Every line between the one containing "Dryopteris ×neowherryi W.H. Wagner" and the last line of the data, both included, is to be set down exactly, and pictures are to be omitted.

_____

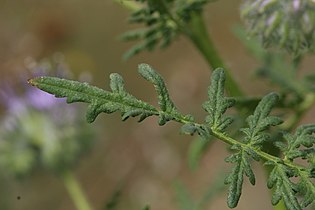 Phacelia tanacetifolia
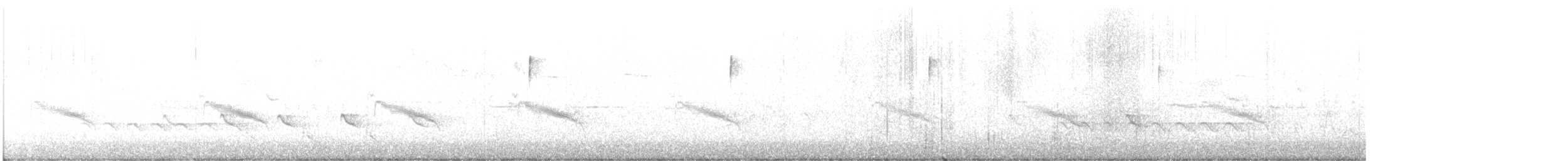 solitary vireo sp. - ML430494041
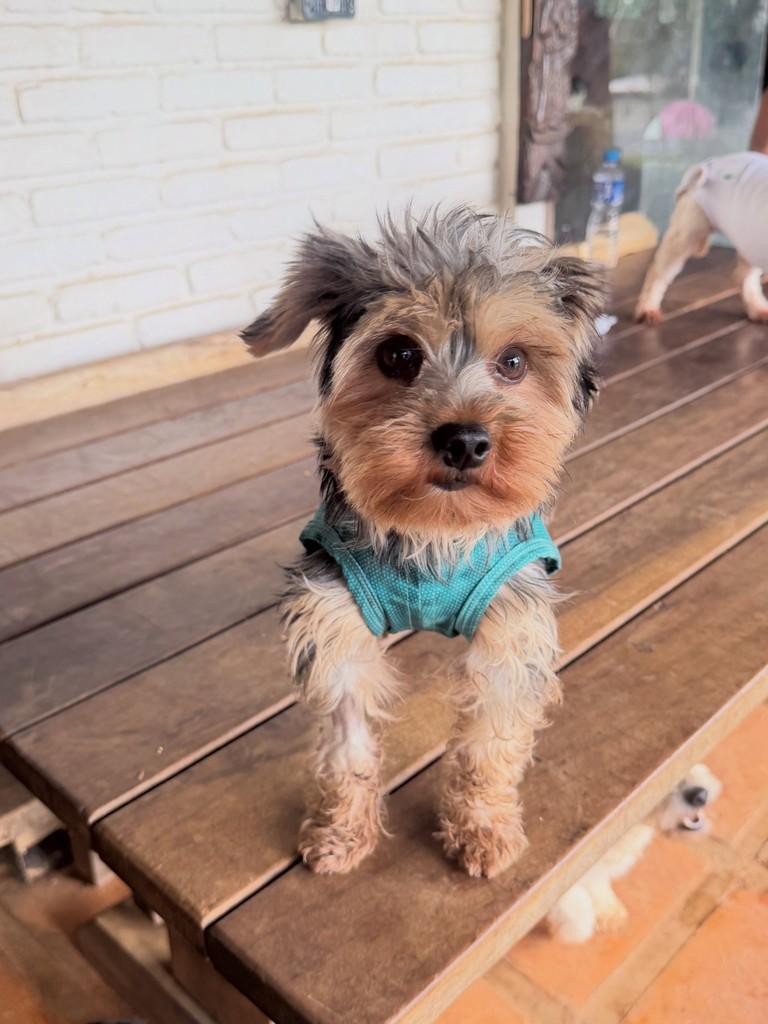 Baby, cadela de porte pequeno para adoção em Cotia - SP — foto 5 de 5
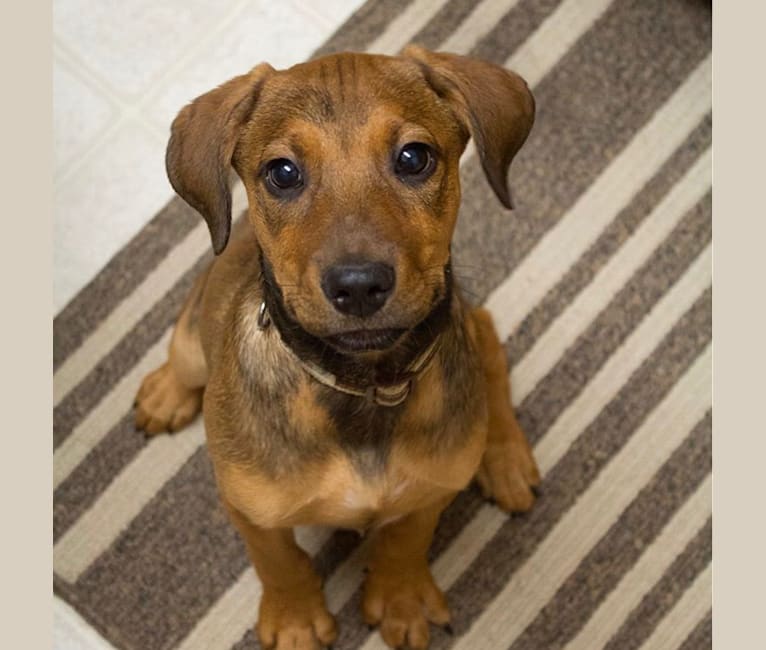 Jasper, an American Staffordshire Terrier and Russell-type Terrier mix tested with EmbarkVet.com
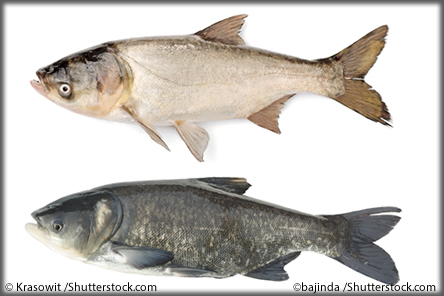 Silver  and  bighead carp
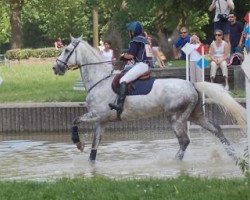 Pferd Mithril Maoucha (Selle Français, 2000, von El Dorado Maoucha)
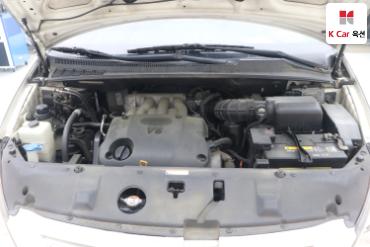 2009 - kia carnival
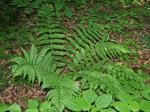 Dryopteris ×neowherryi W.H. Wagner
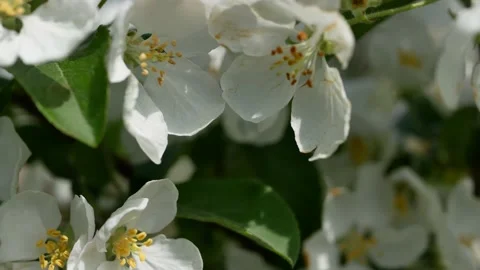 White flowers on an apple tree close-up. Stock Footage 221706031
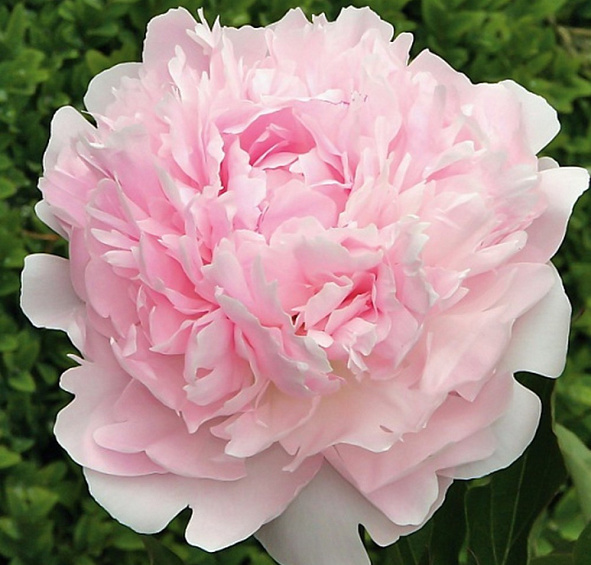 Пион молочноцветковый 'Алиса Хардинг' (розовый)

_____

#### [WORKED SOLUTION]
 Dryopteris ×neowherryi W.H. Wagner
 White flowers on an apple tree close-up. Stock Footage 221706031
 Пион молочноцветковый 'Алиса Хардинг' (розовый)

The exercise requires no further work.